Throughout life, we may encounter certain experiences that directly challenge the character of ourselves. Often times however, the morally correct response to a given situation is not always distinctive. Despite the complications that arise when dealing with real life situations, it seems as if movie and television characters are portrayed with the unrealistic ability to hastily solve any conflict in order to help advance the pace of the plot line when necessary. Aside from these improbable capabilities, writers of television shows and films are able to further change the direction of the media by inputting social stereotypes to sway the opinions of certain characters to the viewers. The brilliance of the Netflix Original, Money Heist, is only truly understood when viewers are able to identify the contradiction between the identities of the characters themselves, and the role they might fill in your more stereotypical heist film.
Throughout the history of film, stereotypes have been used as a way for writers to circumvent the explanation phase of their characters backstory. By doing this, the show is able to rapidly proceed to the more exciting, core parts of the plot, rather than force viewers to sit through unnecessary details. Another interesting factor that sets Money Heist apart from other shows, is the relationship between the characters and viewers. Typically when viewers perceive characters to be bad, they often condemn them for their poor behavior and actions. Take for example, the many notorious antagonistic villains throughout the superhero fiction genre. While we know the main characters of Money Heist are obviously breaking the law by committing armed robbery, they continue to be viewed as the protagonists for their heroic effort in the fight against social inequality. Throughout the series, the criminals slowly gain the respect of Spain’s public, and are eventually viewed as saviors to the corrupt society. Whereas the reputation of the law enforcement is severely damaged from the exposure of their fraudulent operation.
After Reviewing back to Victoria O’Donnell’s article, Guidelines for TV Criticism, I found myself thinking back three years ago to when I first watched the Netflix Original, Money Heist. While reminiscing however, I specifically was in search of what aspect it was about the show that got me hooked. Aside from being the thrilling story line of the largest heist ever committed (2.4 billion euros to be exact), I realized it was originally the persona of actor Álvaro Morte’s role as “El professor” that largely intrigued me into binge watching the first season upon its release. As a result of his high intelligence, resourcefulness, and strategic planning, he is able to anticipate and discern what law enforcement will do in efforts to stop them. This “cat and mouse” game between the police and the professor’s wit is truly what makes this an exciting series to watch. Oftentimes throughout the show, viewers are led to underestimate the capabilities of the criminals during interactions with the police, only to be amazed by the intellect of the professor as he frequently tends to be a few steps ahead of the authorities with ways to sabotage their advancements. In some episodes the writers of the show are able to further build suspense by presenting unexpected situations for the group, thus forcing the professor to quickly improvise and adapt his plans.
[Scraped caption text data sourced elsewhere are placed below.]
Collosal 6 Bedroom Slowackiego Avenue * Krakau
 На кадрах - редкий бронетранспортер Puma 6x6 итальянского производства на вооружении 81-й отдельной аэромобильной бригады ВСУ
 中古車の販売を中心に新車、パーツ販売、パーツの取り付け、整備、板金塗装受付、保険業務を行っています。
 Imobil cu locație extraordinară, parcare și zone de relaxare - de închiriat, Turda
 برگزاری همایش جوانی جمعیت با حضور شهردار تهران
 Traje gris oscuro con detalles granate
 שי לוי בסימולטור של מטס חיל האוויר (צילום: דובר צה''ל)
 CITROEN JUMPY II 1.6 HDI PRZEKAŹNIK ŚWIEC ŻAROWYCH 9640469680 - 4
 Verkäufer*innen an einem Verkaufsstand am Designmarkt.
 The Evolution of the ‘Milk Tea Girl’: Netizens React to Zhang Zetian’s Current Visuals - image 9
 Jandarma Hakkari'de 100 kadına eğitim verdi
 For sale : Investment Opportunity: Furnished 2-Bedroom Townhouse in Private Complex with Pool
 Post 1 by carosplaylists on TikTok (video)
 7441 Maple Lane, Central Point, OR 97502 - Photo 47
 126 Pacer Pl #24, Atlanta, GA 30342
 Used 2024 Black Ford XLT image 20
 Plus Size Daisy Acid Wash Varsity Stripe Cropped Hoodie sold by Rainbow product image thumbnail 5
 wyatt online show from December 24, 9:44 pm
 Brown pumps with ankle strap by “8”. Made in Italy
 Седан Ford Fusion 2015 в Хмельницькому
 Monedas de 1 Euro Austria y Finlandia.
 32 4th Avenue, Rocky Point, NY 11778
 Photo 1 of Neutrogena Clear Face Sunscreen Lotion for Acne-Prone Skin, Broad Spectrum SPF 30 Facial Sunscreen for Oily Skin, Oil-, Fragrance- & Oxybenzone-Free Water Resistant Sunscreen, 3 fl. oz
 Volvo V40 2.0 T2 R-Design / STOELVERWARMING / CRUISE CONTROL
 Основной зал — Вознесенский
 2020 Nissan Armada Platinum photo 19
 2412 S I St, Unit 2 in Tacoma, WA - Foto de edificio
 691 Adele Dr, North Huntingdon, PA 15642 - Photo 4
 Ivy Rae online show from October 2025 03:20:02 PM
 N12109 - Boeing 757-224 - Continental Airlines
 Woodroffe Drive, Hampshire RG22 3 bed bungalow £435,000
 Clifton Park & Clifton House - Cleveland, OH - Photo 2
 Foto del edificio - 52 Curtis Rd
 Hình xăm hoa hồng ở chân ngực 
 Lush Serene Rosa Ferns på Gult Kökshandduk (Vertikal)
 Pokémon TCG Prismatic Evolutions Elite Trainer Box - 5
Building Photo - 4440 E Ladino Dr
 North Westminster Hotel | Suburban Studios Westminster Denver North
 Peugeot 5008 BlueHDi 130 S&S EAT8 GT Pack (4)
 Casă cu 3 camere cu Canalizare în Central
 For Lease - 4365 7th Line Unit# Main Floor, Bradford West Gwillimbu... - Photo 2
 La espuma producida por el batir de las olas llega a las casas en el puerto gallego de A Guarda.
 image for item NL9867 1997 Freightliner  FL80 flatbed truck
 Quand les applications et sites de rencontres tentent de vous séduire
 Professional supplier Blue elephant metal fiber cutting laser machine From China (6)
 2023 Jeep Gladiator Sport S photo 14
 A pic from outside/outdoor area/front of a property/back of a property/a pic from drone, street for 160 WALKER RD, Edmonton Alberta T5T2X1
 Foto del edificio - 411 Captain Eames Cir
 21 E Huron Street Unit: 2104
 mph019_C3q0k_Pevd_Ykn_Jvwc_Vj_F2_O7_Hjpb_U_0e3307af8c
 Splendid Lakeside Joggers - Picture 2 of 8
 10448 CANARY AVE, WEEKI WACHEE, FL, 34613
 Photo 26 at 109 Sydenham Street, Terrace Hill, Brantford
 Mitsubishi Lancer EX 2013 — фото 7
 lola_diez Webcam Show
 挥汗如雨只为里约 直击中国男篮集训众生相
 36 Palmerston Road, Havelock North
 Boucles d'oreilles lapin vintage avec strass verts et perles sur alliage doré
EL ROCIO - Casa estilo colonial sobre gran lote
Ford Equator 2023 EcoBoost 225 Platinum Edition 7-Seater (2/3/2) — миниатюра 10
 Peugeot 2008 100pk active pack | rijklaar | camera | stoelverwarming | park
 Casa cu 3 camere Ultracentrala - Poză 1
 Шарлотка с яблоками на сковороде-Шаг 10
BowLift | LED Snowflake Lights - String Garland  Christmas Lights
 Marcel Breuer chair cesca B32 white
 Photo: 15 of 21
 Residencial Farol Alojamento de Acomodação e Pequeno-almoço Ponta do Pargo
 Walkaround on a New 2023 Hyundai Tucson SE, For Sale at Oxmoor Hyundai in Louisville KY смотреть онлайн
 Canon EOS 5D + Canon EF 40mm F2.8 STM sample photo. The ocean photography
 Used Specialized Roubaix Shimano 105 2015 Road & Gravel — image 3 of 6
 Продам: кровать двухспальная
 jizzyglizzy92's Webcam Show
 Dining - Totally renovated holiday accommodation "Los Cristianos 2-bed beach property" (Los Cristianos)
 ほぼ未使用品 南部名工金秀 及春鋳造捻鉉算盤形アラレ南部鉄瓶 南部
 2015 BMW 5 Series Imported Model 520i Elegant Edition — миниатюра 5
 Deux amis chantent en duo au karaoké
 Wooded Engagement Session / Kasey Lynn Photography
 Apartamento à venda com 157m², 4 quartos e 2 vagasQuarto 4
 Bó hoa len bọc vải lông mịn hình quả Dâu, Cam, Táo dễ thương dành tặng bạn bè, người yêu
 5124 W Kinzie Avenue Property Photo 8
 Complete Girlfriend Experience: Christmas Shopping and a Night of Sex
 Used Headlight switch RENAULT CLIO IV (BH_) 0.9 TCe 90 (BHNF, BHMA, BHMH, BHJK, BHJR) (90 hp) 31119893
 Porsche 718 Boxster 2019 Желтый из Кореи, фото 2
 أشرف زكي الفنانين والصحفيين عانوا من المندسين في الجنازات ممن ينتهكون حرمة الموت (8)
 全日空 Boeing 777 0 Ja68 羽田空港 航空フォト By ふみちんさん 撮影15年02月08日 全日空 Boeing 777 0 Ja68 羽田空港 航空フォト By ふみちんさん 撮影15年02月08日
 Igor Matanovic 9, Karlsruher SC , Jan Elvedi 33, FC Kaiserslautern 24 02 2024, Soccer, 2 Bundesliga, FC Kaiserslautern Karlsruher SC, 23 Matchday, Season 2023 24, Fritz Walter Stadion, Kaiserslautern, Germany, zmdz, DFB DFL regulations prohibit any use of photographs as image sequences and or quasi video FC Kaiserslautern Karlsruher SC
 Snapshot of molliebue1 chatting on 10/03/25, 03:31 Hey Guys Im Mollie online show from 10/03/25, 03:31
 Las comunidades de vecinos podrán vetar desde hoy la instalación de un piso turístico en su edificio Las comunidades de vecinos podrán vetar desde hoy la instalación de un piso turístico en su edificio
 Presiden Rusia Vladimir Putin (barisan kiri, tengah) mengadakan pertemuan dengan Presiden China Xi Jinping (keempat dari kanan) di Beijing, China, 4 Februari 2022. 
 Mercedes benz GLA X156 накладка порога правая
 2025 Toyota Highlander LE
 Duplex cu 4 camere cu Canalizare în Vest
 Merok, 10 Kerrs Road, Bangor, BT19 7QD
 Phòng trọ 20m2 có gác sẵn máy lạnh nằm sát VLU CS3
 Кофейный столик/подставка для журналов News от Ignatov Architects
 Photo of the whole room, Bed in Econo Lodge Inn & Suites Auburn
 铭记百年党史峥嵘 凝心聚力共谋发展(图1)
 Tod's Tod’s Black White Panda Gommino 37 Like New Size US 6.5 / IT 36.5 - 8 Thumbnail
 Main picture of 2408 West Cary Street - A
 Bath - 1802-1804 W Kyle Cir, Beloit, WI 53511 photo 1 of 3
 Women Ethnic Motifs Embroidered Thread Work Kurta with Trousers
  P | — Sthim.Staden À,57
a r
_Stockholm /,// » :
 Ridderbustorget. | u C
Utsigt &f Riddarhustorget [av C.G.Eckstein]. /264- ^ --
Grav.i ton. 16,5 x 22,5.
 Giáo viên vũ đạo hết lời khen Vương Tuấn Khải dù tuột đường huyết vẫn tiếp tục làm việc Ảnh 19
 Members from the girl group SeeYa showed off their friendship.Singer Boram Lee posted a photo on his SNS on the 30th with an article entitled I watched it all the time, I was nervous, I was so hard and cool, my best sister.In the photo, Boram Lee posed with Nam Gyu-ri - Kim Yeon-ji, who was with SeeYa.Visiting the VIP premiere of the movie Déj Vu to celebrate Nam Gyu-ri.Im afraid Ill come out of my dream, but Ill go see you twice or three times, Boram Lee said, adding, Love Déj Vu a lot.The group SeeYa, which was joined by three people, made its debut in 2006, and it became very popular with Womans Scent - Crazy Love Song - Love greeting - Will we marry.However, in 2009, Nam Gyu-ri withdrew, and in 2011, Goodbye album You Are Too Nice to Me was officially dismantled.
Another captivating characteristic of the heist, is that aside from the obvious desire to gain wealth, the reason for the heist is unknown. One complaint I do have however, is that viewers are only granted an understanding of the more politically induced motives behind the heist at the end of season two. I feel that if they introduced this point earlier in season one, it would have made a bigger impact to viewers, as if you have already invested enough time into the show to watch two seasons, your probably already rooting for the success and wellbeing of the criminals.
Fundamentally, Money Heist is a show that revolves around the theme of good verses evil. While its intention is clearly to advocate for the success of those doing good, it can be quite difficult for viewers to decipher which group is justified for their actions. To those who have not watched the show, it may seem obvious that the criminals actions are immoral. However, for the more openminded viewer, they are able to take into account the many wrongdoings of Spains government; such as creating unstable economic conditions for its citizens, as well as enabling it’s law enforcement to break their own regulations in order to complete the mission.